**TASK DIRECTIONS**
A faithful copy of the entries is needed, one that leaves out the pictures.

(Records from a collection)
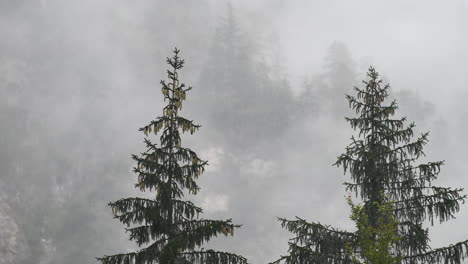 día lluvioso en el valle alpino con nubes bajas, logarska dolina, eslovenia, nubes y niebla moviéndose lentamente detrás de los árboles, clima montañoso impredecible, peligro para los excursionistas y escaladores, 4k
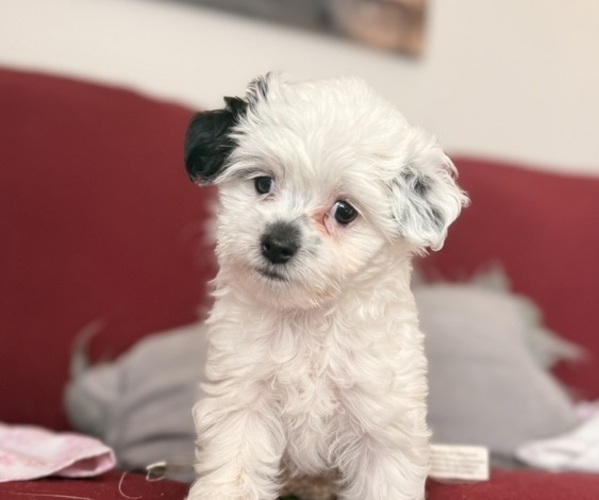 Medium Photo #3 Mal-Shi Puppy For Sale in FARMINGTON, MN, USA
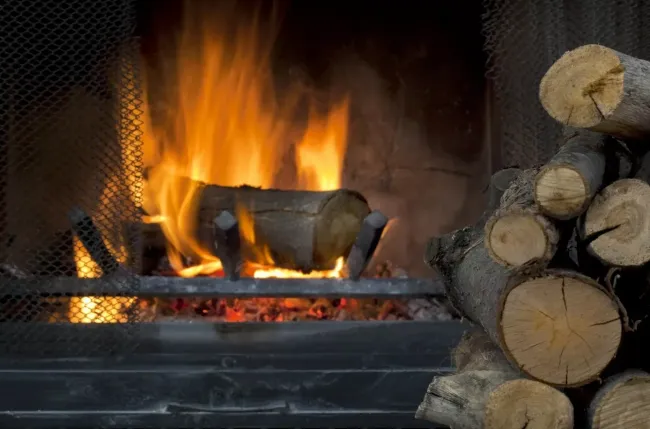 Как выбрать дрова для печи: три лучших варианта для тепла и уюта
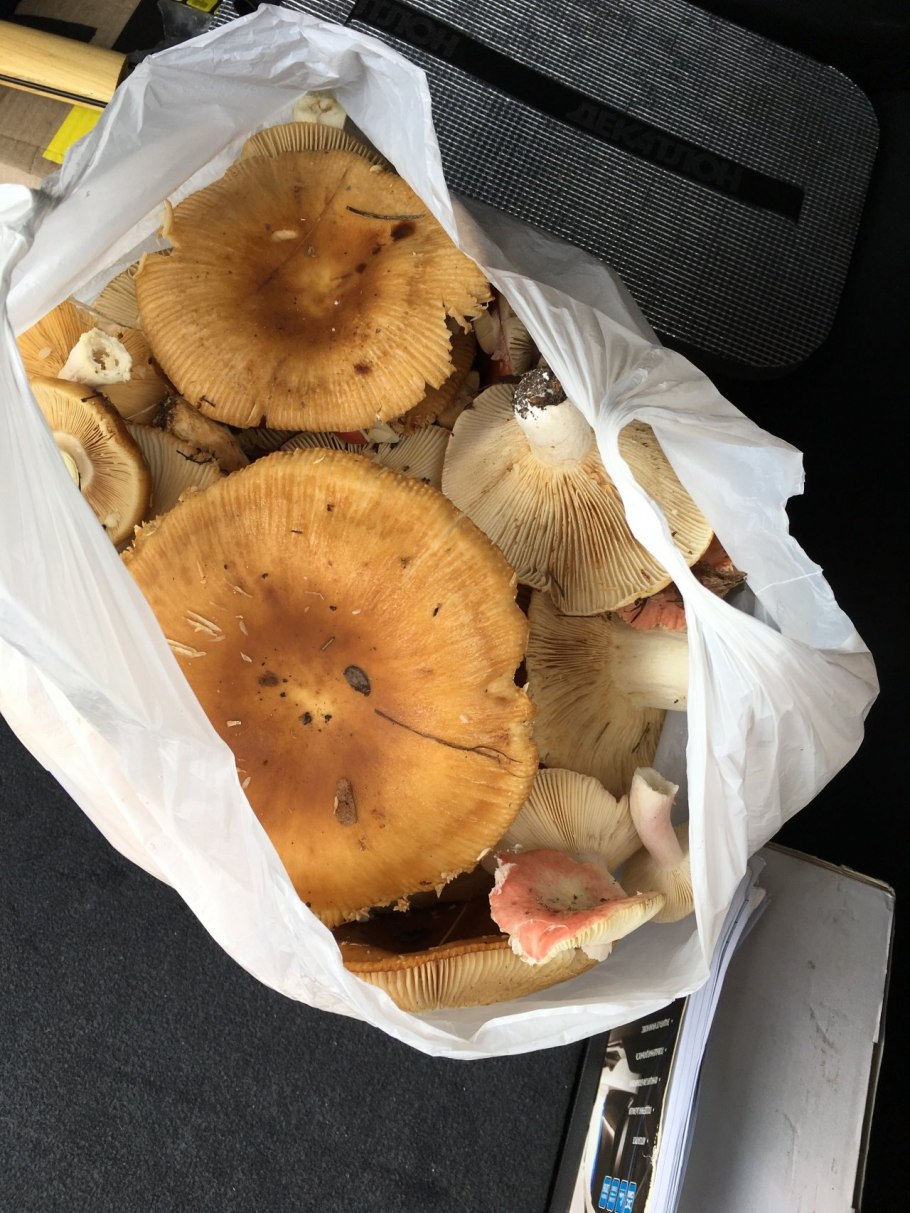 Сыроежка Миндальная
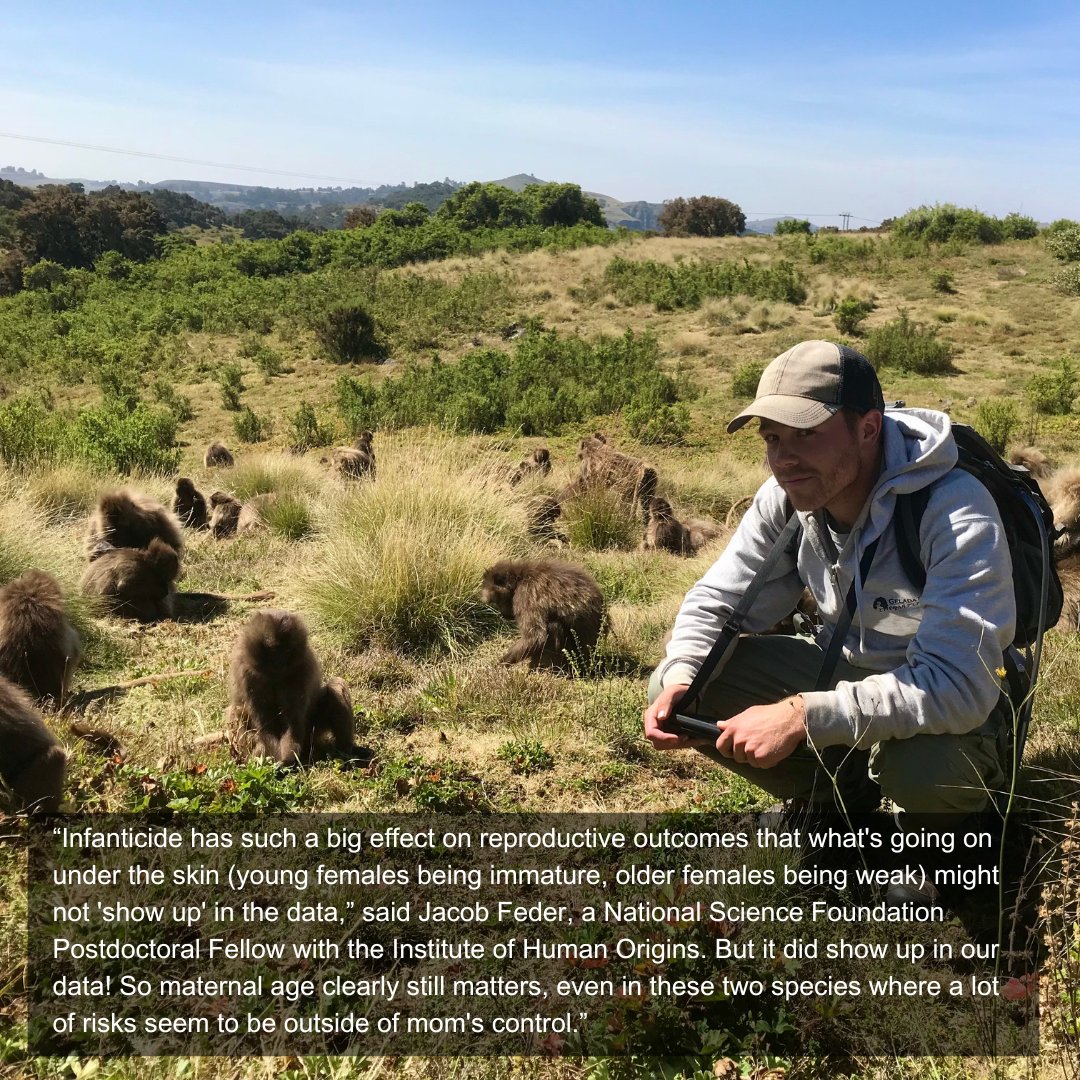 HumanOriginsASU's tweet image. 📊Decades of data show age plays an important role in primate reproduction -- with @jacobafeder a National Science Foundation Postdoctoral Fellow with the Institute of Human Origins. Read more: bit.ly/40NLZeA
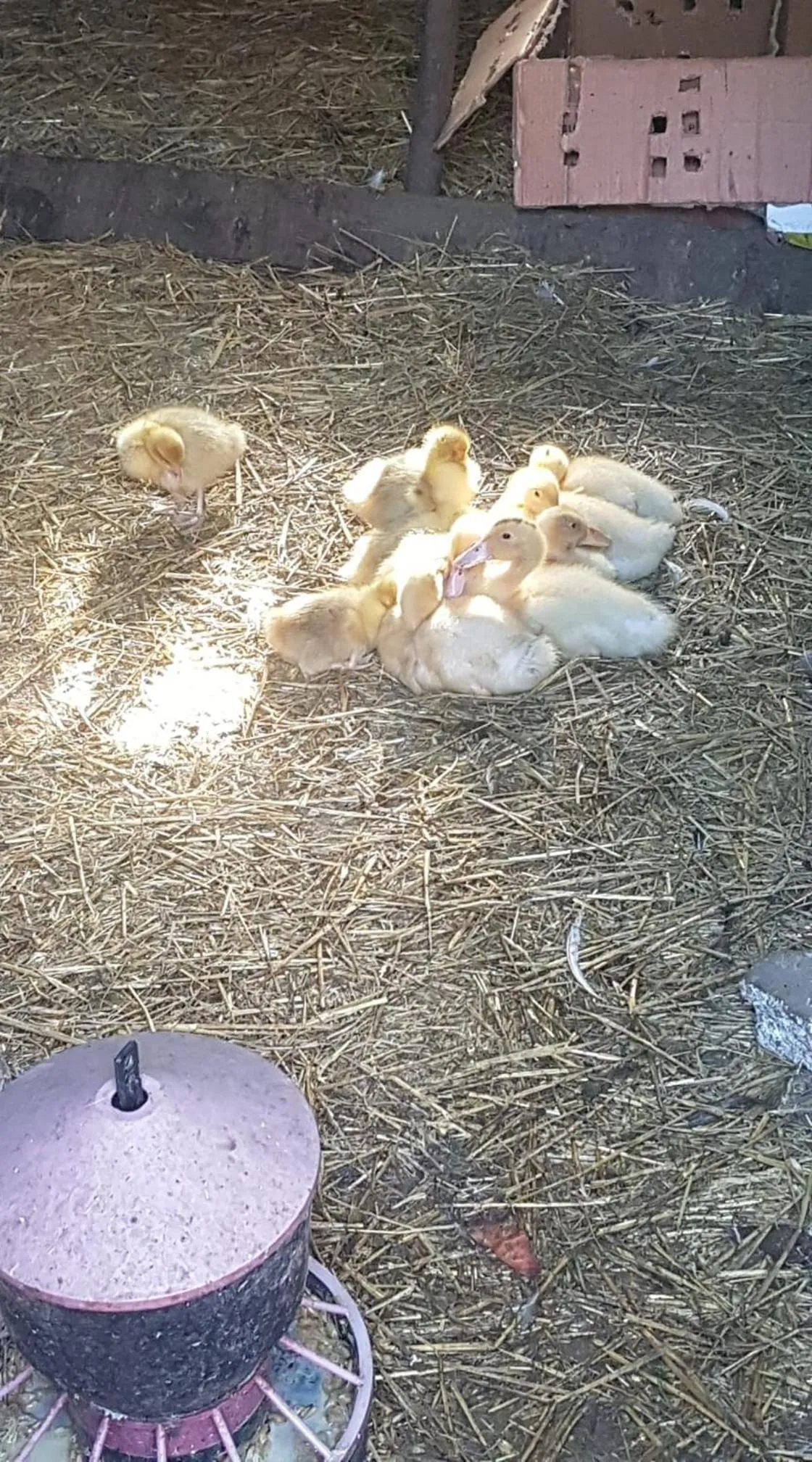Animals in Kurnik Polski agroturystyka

**FINISHED EXERCISE**
 día lluvioso en el valle alpino con nubes bajas, logarska dolina, eslovenia, nubes y niebla moviéndose lentamente detrás de los árboles, clima montañoso impredecible, peligro para los excursionistas y escaladores, 4k
 Medium Photo #3 Mal-Shi Puppy For Sale in FARMINGTON, MN, USA
 Как выбрать дрова для печи: три лучших варианта для тепла и уюта
 Сыроежка Миндальная
 HumanOriginsASU's tweet image. 📊Decades of data show age plays an important role in primate reproduction -- with @jacobafeder a National Science Foundation Postdoctoral Fellow with the Institute of Human Origins. Read more: bit.ly/40NLZeA
Animals in Kurnik Polski agroturystyka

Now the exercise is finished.